Magnetic poetry tiles, just begging to be recombined. (Photo: Steve Johnson/Flickr)

Dave Kapell, the inventor of Magnetic Poetry, never meant to be a businessman. He was thrust into what became his life’s work by one well-timed sneeze.

In the late 1990s, you couldn’t hunt for a snack in an American home without coming across a magnetic poem or two. But in the decades since the product first stuck itself to the collective consciousness, fridges nationwide have slowly begun shedding their words. The history of the form itself, though, goes back much farther than Kapell’s sneeze—and the increasingly digital future will likely only widen its reach. 
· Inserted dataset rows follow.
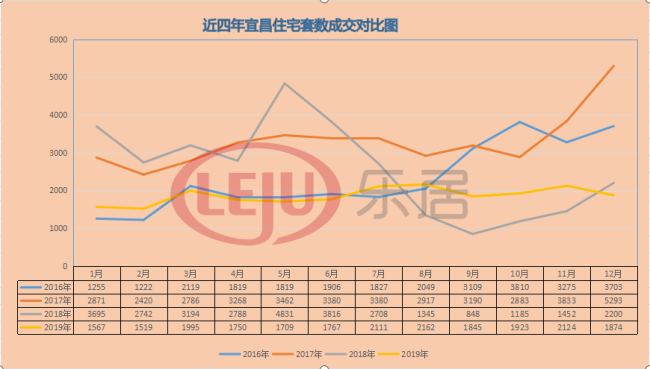 回归2016楼市水平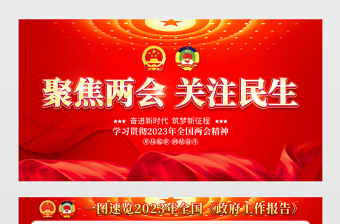 2023两会
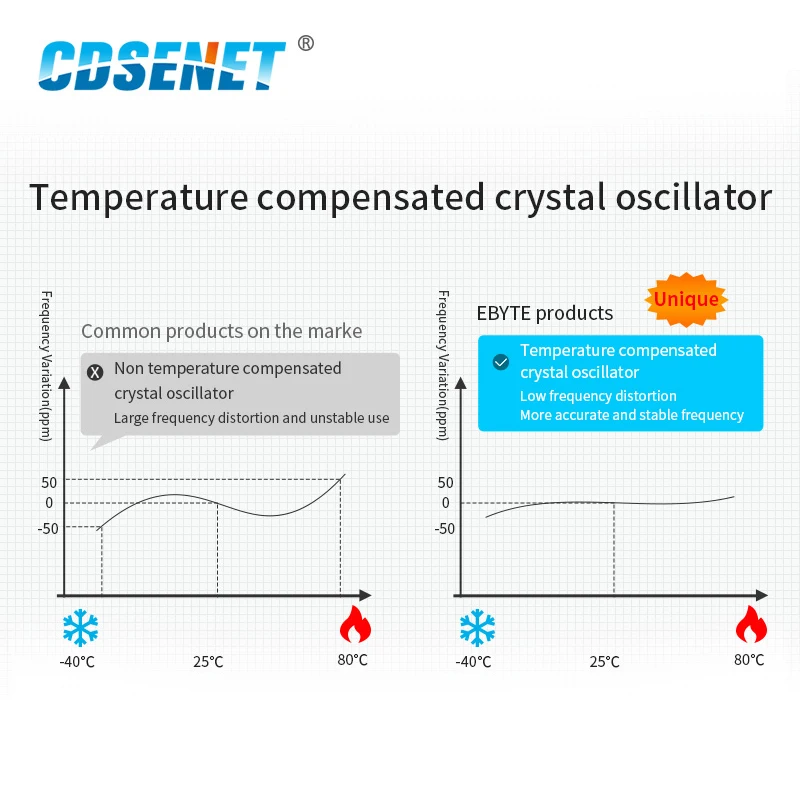 

New LoRa Semtech SX1268 433MHz rf Transceiver Module E22-400T30D 30dBm 1W Long Range UART DIP Serial Port Module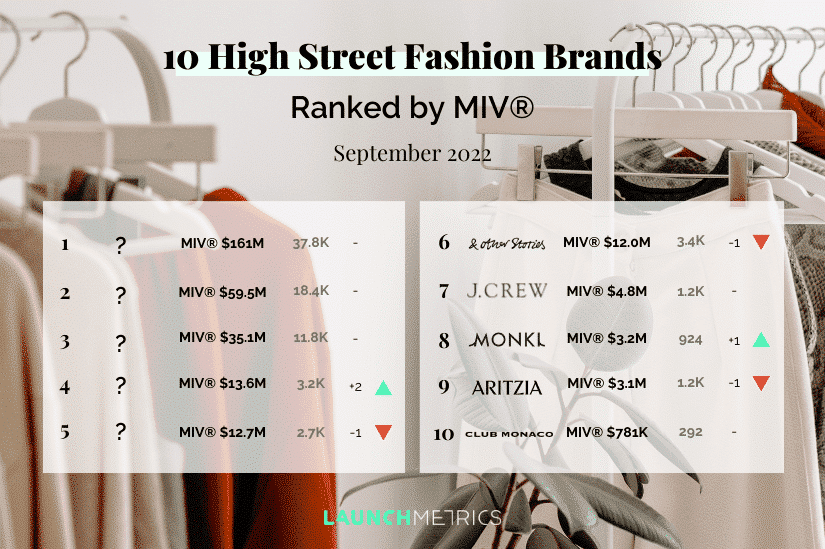 luxury fashion brands ranking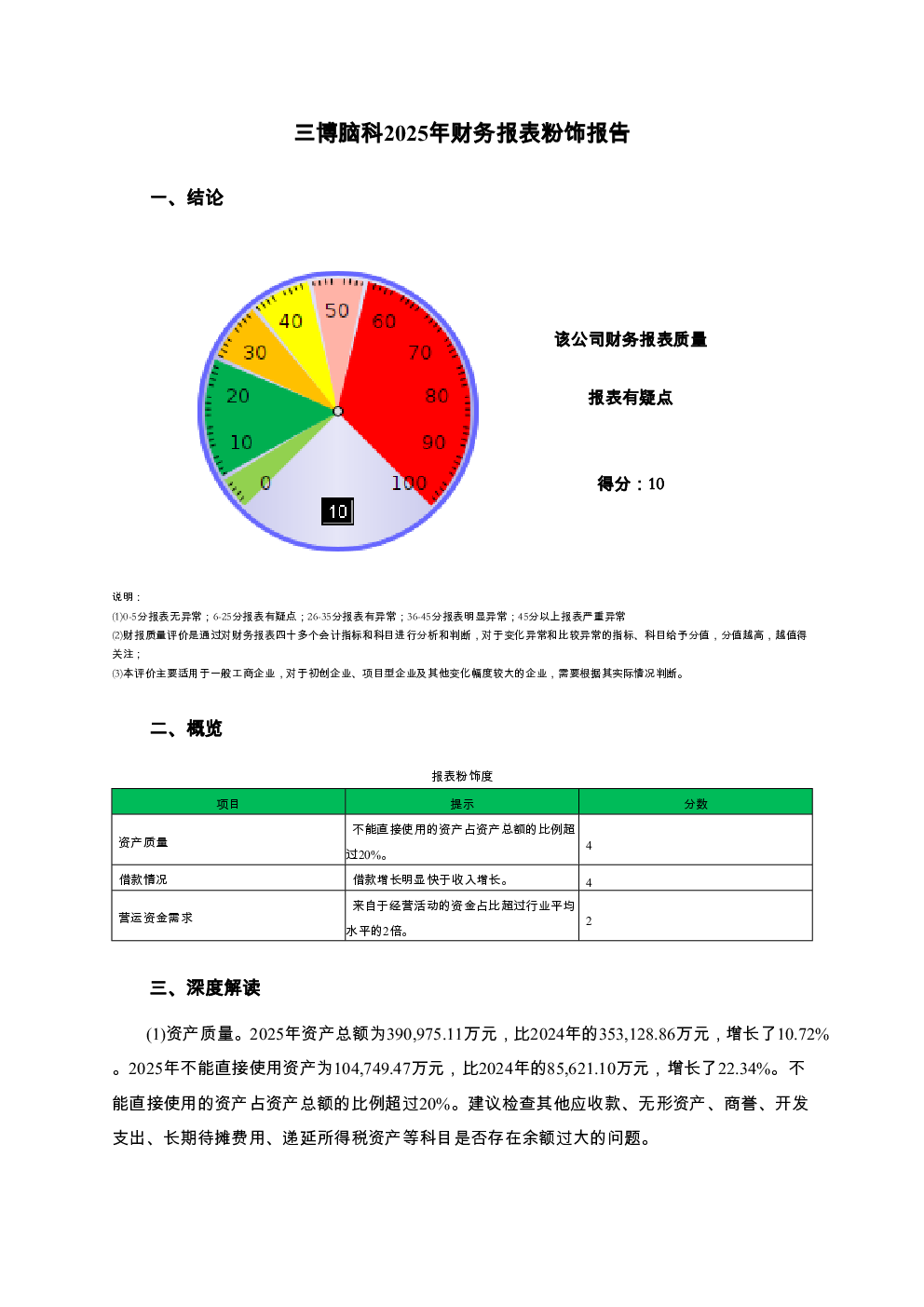 预览图-3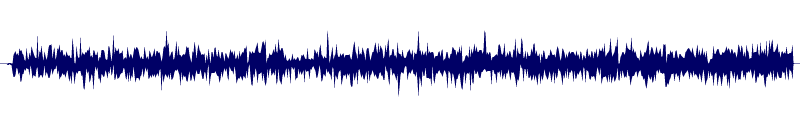 Volume waveform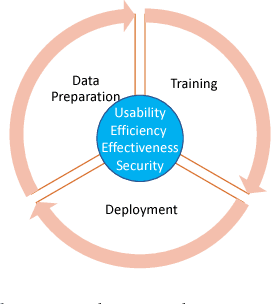 Figure 2 for PANDA: Facilitating Usable AI Development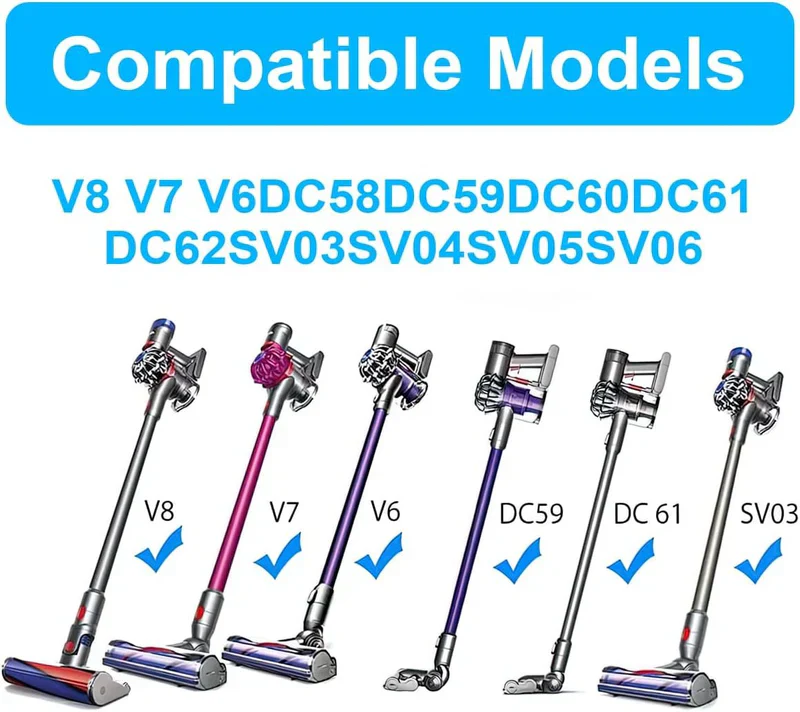 Dyson Charger V10 SV12 V11 compatible Replacement - Image 3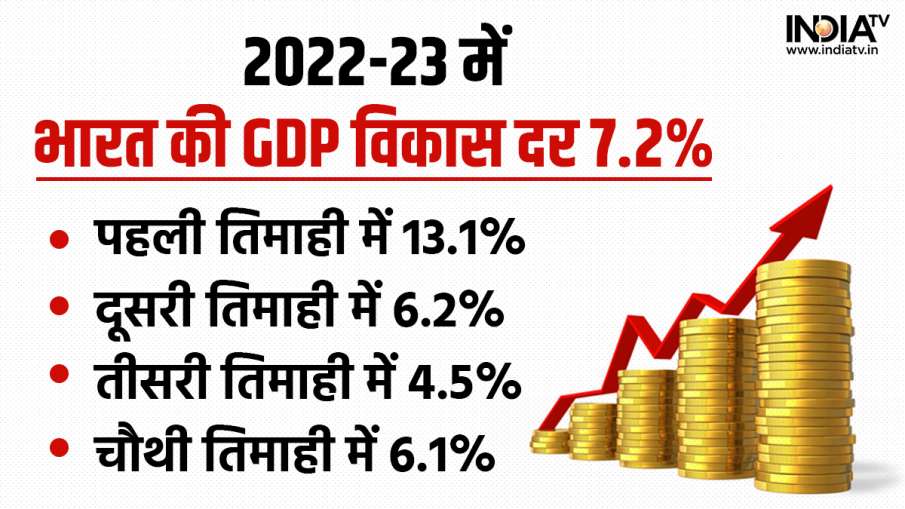 GDP Growth in 2022-23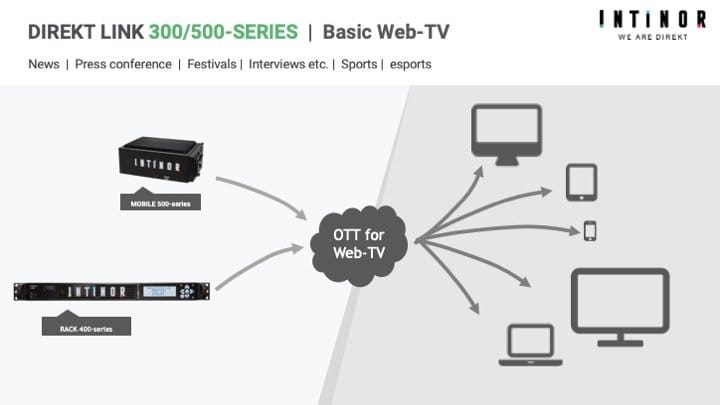 Intinor Direkt Link enkóder Intinor Direkt Link enkóder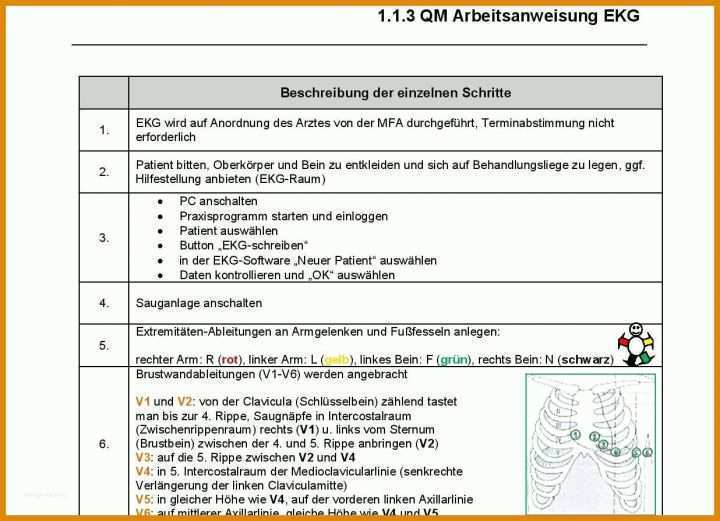 Faszinieren Qm Arztpraxis Vorlage 1236x894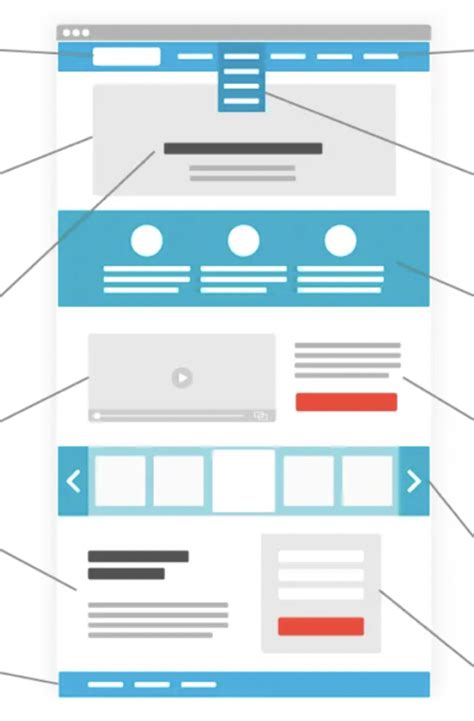 schéma fungovania web scrapingu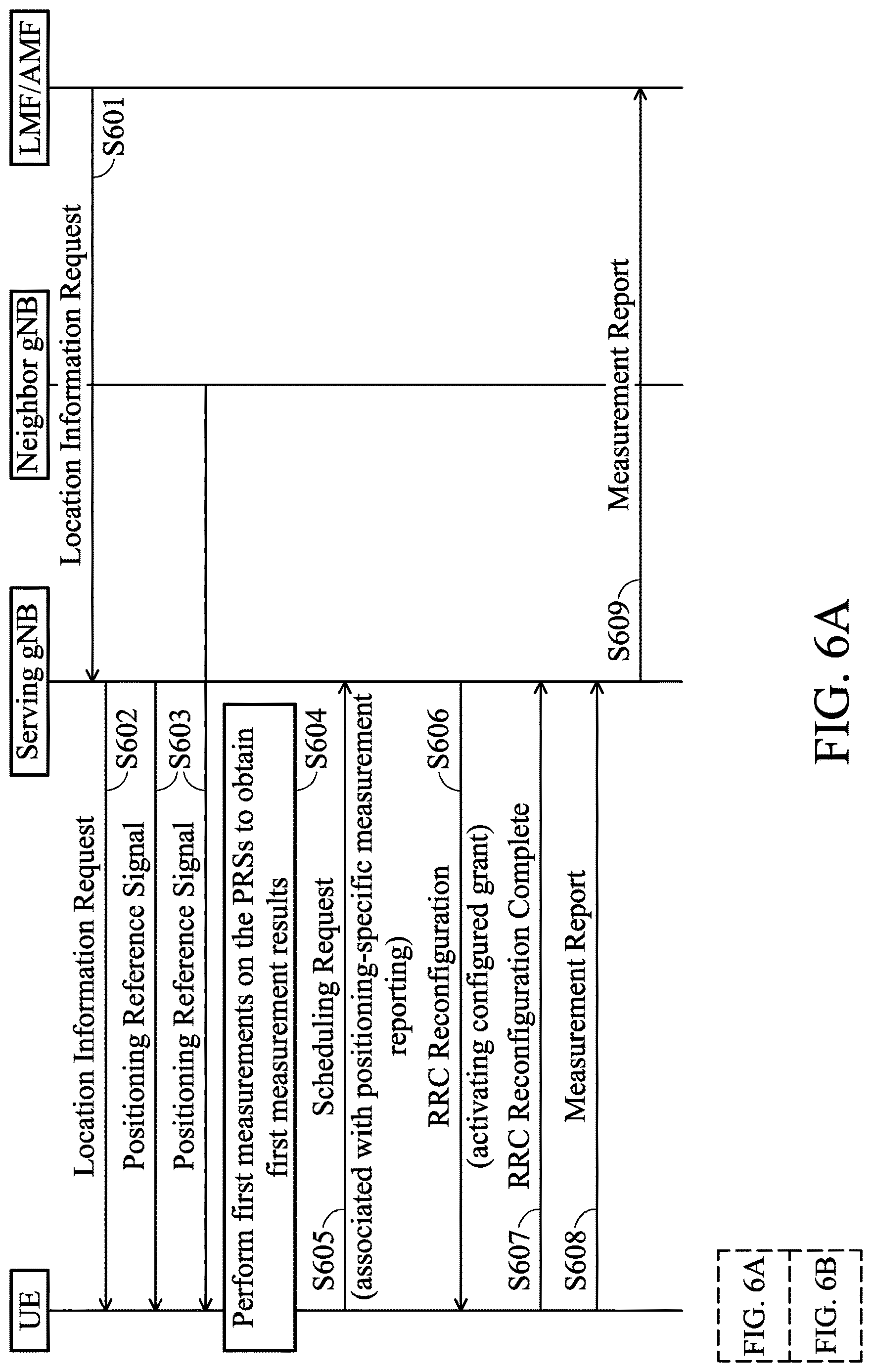 Patent US12621110 Figure 9 – Methods of latency reduction for positioning-specific measurement reporting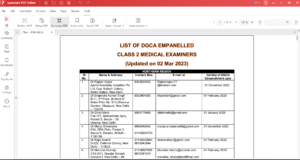 List of DGCA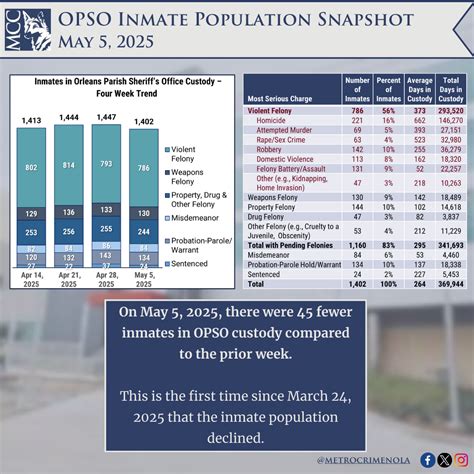 OPSO Inmate Population Snapshot: May 5, 2025 - Metrocrime Weekly Crime ...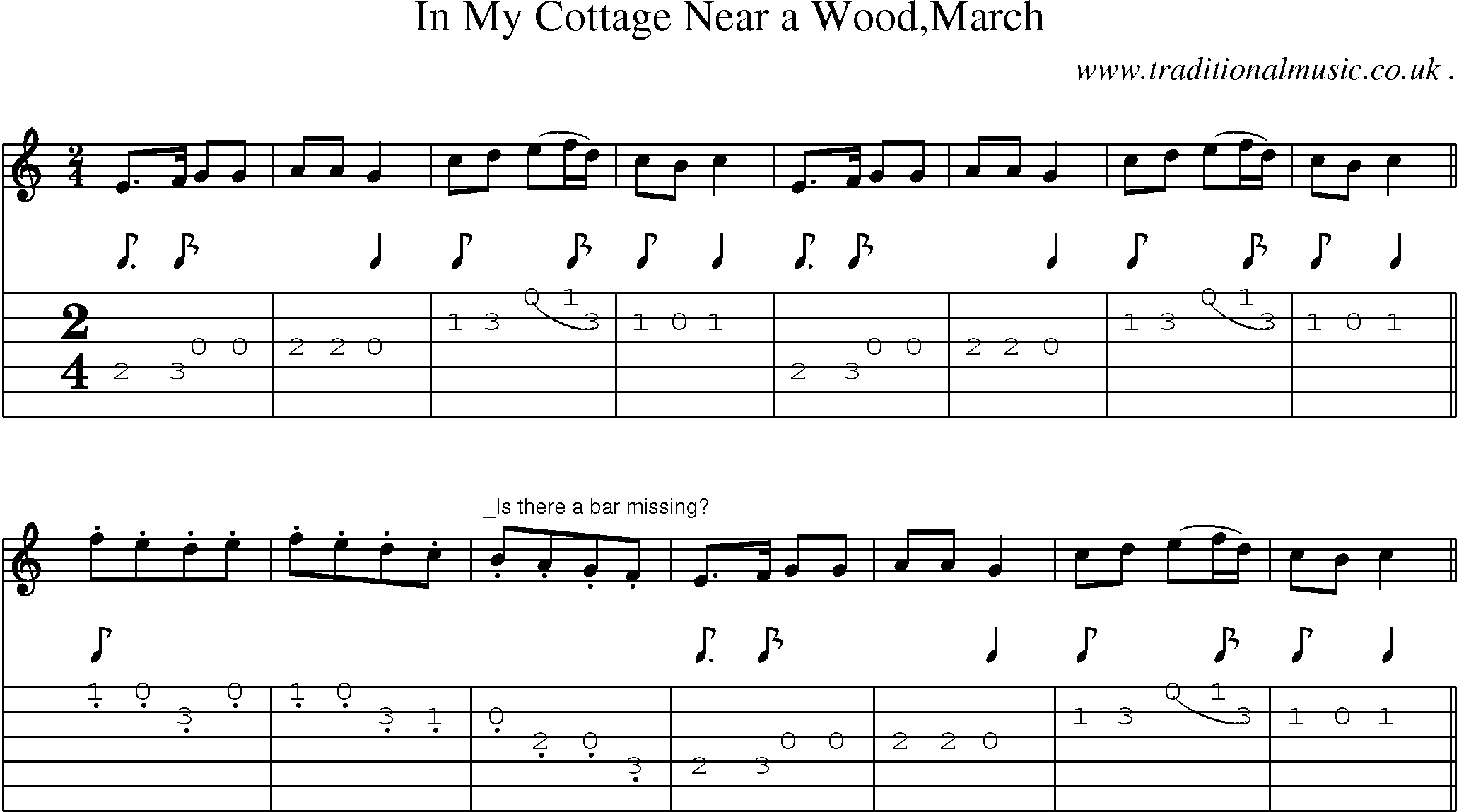 Sheet-Music and Guitar Tabs for In My Cottage Near A Woodmarch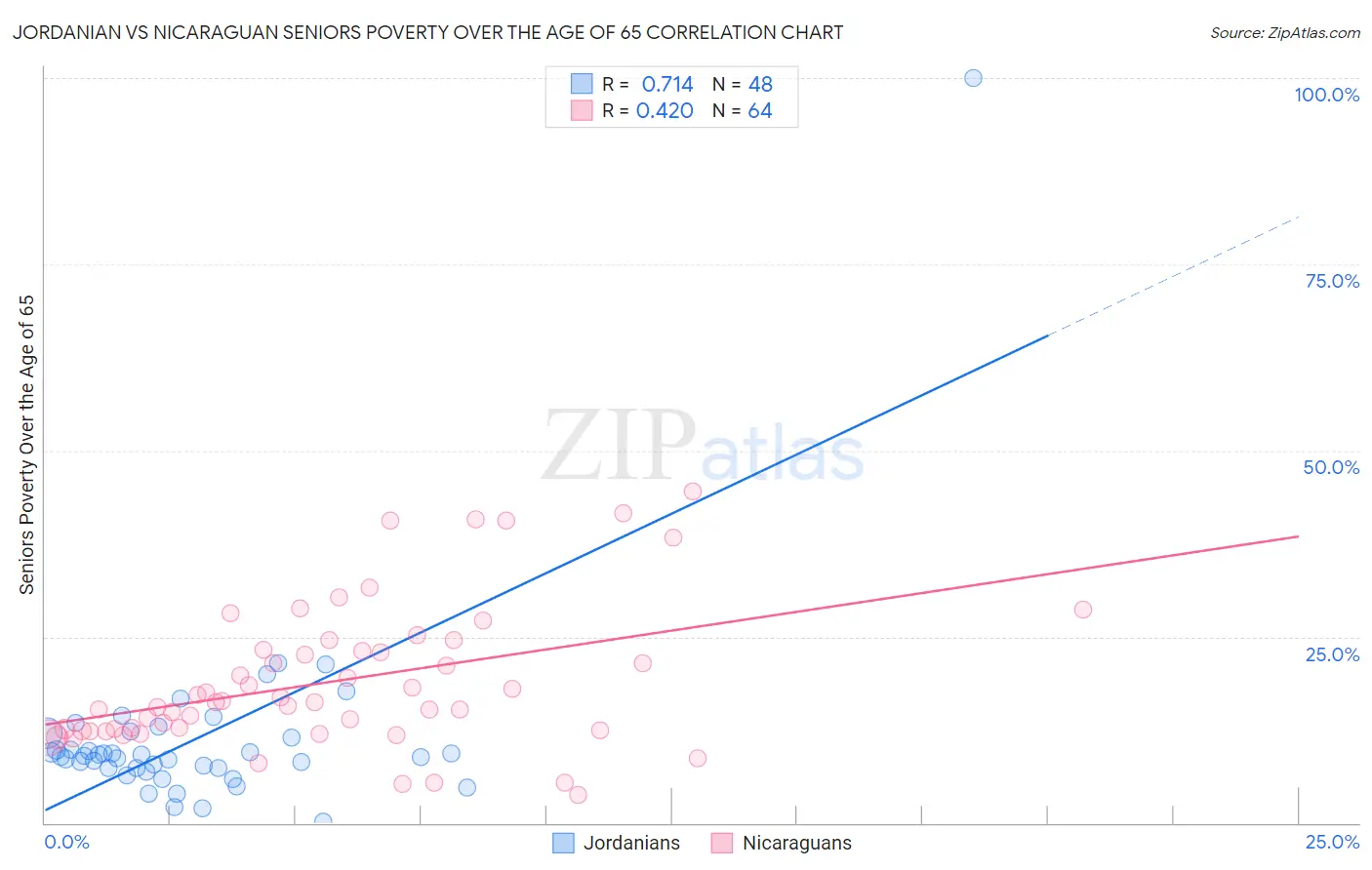 Jordanian vs Nicaraguan Seniors Poverty Over the Age of 65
In 1993, Kapell was living in an 8-person co-op in Minneapolis, pursuing songwriting, his true passion, in between shifts at his data entry job. One night, he was trying to bust writer’s block using the cut-up method, in which you chop magazines or other texts into bite-sized pieces and mix them up for inspiration. He had a pile of clippings all arranged when his allergies kicked in. “One of my roommates was working at a pizza place, and they had misprinted their advertising fridge magnets with the wrong phone number on them,” Kapell says in a phone interview. “She brought them home thinking that maybe somebody might have a use for them. When I sneezed and all my little slips of paper blew all over the place, I thought, oh, I’ll stick little pieces of magnets on the back of each one and then stick ‘em onto a cookie sheet.”

“And that was the first magnetic poetry kit.”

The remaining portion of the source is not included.